I don’t agree with that, though. For one, Canada and the US have significant inter-dependencies. Impacts on the US could cascade into Canada. Also, if attackers seeking to disrupt US interests find greater vigilance in protecting CI on the US side of the border, they are likely to turn to Canadian CI, hoping their efforts can start a cascade that causes disruption in the US.

Such is the case with the recent alert issued by the US Computer Emergency Readiness Team. This alert warned of efforts by Russian state actors to compromise both US and Canadian networks in energy, nuclear, aviation, critical manufacturing facilities and others to gather intelligence on the ICSes that control processes there.

The CCIRC’s 2018 report for the year 2017 also described an ongoing campaign of malicious cyber incidents that reveal a high degree of effort to compromise Canada’s electrical grids and nuclear facilities, as well as lesser efforts directed against financial, academic and critical manufacturing sectors. The report also showed a growing trend toward targeting hospital systems and network-connected medical devices.

It is nothing but wishful thinking to believe that no one is targeting Canada. Canada is indeed being heavily targeted.

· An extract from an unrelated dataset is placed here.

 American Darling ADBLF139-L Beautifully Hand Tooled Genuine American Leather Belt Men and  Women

A 2013 study of hacker forums came to some disturbing conclusions:

Through data mining of data and manual revision, this study sought to identify information pertinent to critical infrastructures, with specific emphasis on Canadian systems, posted to publicly accessible hacker forums. Results indicate that Canadian IP addresses were overrepresented in the data, meaning that Canadian critical systems are of particular interest to hacker forum users…

This prevalence of Canadian IP addresses across hacker forums highlights the potential threats to Canadian systems. In addition, a 2017 study showed that 38% of Canadians had been victimized by cybercrime in the previous year. A 2018 study reported that Canada is the No. 1 target for phishing scams. Another 2017 study of cybersecurity readiness showed the organizations that reported a breach that exposed sensitive data had increased by 46% since 2014 and that the number of organizations that believe their organizations are winning the war against hackers dropped from 41% to 34% over the same time period.

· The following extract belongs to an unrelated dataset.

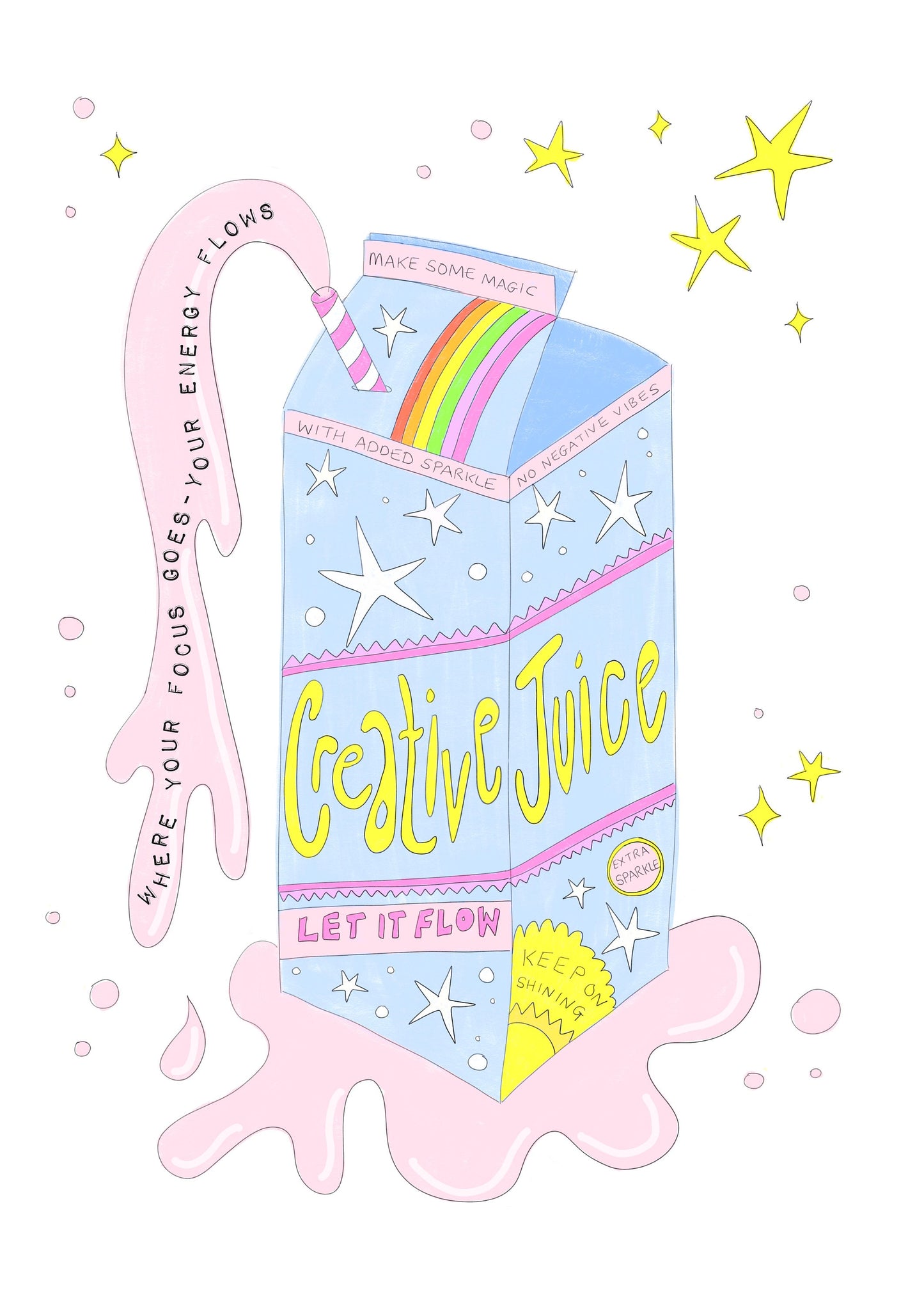 Creative juice positivity print - positive wall art - home office gifts - positive affirmations - gifts for artists - small business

A 2013 study showed that 69% of Canadian businesses had suffered some kind of attack in the previous 12-month period. The idea that nobody’s interested in targeting Canada is blatantly false.

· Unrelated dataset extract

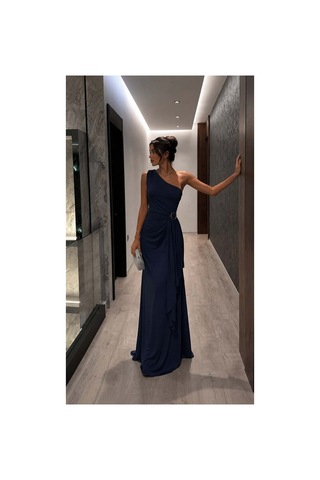 DefyModa Kadın Modern Stil Tek Omuz Kemerli Maxi Abiye Elbise Lacivert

Even in 2012, security experts were recognizing the growing threat: “Given the rapid changes in information and communication technologies, the Canadian government is not alone in concluding that existing defences will not be enough to ensure the integrity and availability of its information systems nor prevent critical infrastructure from being destroyed or shut down.”

Takeaways

With an estimated 21 billion devices and 212 billion sensor-enabled objects predicted to be part of the IoT by 2020, it is essential to ensure that cyberspace is secure, particularly where it applies to CI. Realistically, it can be said that making CI absolutely secure is unrealistic. Situations change rapidly, new technologies are constantly being incorporated, vulnerabilities and risks continually evolve. You can’t confine such a moving target – especially one whose purpose is to be open enough to deliver services to the public.

Continually building more robust CI, however, is essential for the safety and security of Canada and its citizens. We cannot eliminate all possibility of disruptions, but we can work to ensure that they are as few and as limited in scope as possible.

What we can come closest to calling a solution, I believe, involves three elements: Continue to work toward bringing all stakeholders into a greater awareness of vulnerabilities and threats; Achieve a better understanding of the different ways that public and private stakeholders perceive risks; Facilitate the flow of information so all parties can work together to form strategies that provide the best possible protections against the wide variety of threats.

No one strategy and no one tool will suffice. Complex and interconnected issues like this require complex and interconnected efforts that involve all stakeholders. But with continued effort, Canadian stakeholders can better protect its CI – and its citizens.